¿Quién se acostumbra como
si nada a levantarse cada mañana como un caballero medieval que ha dormido con
su cota de malla y su armadura, que encima se ha oxidado de repente, y su
caballo ha desaparecido?
Las praderas amarillas de
los sueños de mi infancia siguen siendo vastas, hermosas y rasas y siento el
mismo deseo de siempre de atravesarlas, como decía Kafka
”...cabalgando sobre un
caballo veloz, a través del viento, constantemente sacudido sobre la tierra
estremecida, hasta arrojar las espuelas porque no hacen falta espuelas, hasta
arrojar las riendas porque no hacen falta riendas…”

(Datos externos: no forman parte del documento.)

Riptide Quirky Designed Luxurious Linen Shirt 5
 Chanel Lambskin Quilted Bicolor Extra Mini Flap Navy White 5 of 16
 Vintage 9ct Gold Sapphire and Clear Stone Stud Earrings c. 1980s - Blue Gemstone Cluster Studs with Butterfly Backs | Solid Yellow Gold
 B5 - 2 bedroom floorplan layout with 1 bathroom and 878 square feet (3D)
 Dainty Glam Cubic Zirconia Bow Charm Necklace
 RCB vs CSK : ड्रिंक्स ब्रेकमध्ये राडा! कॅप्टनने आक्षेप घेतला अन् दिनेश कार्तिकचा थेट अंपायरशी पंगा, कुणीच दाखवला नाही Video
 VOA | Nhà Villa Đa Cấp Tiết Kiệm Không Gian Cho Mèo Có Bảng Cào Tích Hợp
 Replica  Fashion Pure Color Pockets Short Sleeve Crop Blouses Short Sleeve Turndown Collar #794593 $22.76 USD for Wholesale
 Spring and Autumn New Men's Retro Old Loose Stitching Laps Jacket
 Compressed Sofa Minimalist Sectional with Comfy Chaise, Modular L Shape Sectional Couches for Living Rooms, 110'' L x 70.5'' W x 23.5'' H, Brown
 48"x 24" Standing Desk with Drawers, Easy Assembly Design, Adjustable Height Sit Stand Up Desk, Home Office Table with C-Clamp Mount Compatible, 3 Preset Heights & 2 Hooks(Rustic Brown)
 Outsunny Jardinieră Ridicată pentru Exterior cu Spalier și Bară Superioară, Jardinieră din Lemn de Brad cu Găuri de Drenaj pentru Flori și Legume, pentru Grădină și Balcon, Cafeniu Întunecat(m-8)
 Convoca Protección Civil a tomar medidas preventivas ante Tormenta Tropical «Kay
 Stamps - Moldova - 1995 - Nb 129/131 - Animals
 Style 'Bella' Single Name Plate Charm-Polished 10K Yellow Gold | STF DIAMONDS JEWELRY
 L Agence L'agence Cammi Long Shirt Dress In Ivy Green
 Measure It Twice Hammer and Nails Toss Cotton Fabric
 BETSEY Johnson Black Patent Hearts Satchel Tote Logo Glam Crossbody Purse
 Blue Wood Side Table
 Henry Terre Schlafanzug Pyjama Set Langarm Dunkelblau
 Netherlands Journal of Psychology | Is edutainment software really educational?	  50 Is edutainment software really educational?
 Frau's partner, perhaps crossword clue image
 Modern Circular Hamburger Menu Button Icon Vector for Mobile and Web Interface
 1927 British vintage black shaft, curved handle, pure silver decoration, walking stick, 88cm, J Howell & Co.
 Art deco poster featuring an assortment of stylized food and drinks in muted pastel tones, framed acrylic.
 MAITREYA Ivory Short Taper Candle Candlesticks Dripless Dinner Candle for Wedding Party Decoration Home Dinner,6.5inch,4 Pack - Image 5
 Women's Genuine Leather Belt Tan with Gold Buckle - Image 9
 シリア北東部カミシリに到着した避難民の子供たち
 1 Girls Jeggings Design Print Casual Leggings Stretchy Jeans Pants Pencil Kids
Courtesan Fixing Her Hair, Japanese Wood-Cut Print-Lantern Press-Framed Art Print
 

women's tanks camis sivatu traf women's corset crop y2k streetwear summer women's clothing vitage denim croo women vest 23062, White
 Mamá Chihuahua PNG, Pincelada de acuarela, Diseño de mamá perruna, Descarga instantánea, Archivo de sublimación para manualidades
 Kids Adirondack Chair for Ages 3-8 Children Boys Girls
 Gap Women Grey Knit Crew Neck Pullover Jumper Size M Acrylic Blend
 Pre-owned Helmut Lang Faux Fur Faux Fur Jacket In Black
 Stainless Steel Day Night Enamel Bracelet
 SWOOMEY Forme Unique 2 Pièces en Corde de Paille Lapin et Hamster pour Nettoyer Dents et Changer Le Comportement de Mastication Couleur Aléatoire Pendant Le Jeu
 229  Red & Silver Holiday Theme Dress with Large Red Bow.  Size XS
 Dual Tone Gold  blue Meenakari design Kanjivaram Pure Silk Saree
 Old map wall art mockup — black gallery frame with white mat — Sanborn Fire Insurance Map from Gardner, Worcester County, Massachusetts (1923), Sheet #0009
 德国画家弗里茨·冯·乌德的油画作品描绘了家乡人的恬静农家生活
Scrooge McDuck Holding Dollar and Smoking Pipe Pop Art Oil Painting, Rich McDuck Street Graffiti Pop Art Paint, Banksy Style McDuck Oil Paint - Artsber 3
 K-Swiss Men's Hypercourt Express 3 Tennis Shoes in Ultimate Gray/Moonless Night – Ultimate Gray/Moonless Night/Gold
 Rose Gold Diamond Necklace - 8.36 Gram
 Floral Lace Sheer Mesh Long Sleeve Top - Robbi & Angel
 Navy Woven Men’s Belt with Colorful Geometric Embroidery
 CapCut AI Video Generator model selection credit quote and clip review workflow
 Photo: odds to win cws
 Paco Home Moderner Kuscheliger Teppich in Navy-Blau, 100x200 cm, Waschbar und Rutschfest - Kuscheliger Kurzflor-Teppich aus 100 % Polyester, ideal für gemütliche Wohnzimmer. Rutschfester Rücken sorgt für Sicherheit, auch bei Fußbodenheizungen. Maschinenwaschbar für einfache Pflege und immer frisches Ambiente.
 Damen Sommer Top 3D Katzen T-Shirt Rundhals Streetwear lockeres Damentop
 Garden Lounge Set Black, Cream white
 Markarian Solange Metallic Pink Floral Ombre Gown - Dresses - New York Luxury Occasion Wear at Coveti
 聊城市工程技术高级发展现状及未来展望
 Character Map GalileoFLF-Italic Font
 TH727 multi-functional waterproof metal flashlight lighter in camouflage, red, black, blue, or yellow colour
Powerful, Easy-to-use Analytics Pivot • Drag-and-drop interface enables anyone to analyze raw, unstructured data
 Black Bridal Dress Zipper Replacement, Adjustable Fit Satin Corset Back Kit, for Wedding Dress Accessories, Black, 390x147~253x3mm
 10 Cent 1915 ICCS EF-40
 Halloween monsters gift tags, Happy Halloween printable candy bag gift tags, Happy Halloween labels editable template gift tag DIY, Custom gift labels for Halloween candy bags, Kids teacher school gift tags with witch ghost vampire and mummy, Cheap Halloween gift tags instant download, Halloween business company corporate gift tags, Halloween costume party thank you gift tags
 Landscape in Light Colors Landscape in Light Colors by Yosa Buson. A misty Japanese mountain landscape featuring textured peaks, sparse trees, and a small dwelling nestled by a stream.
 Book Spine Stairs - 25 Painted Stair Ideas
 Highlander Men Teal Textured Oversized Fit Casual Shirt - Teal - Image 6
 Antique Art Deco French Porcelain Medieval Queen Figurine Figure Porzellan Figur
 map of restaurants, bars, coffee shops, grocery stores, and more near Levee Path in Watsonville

La vejez me ha sorprendido,
ha llegado hasta mí arrollándome como un tsunami, y estoy desconcertada….
… Y enfadada, como una
niña rebelde, me dice mi amado hijo- Y tú no eres así, madre.
Acéptalo y no le des más
vueltas, me digo.
Pero no es fácil alinear
este cuerpo gastado y en apuros con mi espíritu todavía aventurero, salvaje,
inconformista y hasta gamberro.
No es fácil acostumbrarse a
las arrugas, a la falta de flexibilidad y de tono muscular, a los dolores
constantes de la artritis, a no poder saltar escaleras de dos en dos ni
acuclillarse… A tener que sentarme cuando llevo menos de una hora caminando.
Sé que mi vejez y yo acabaremos pactando y echándonos unas risas, pero en este momento no la aguanto. Y ella, vengativa y sabiendo que tiene las de ganar, me mantiene atrapada en esta armadura oxidada hasta que me rinda o acepte su mandato, riéndose de mi ilusoria rebeldía.
Mensaje que mi vejez ha enviado por wasap con mucha guasa mientras andaba de compras para olvidar:
Nena (risas) vas a cumplir 68 años esta primavera, y según cualquier libro de estilo eres a todos los efectos una anciana (más risas). Déjate de zarandajas medievales y acéptalo.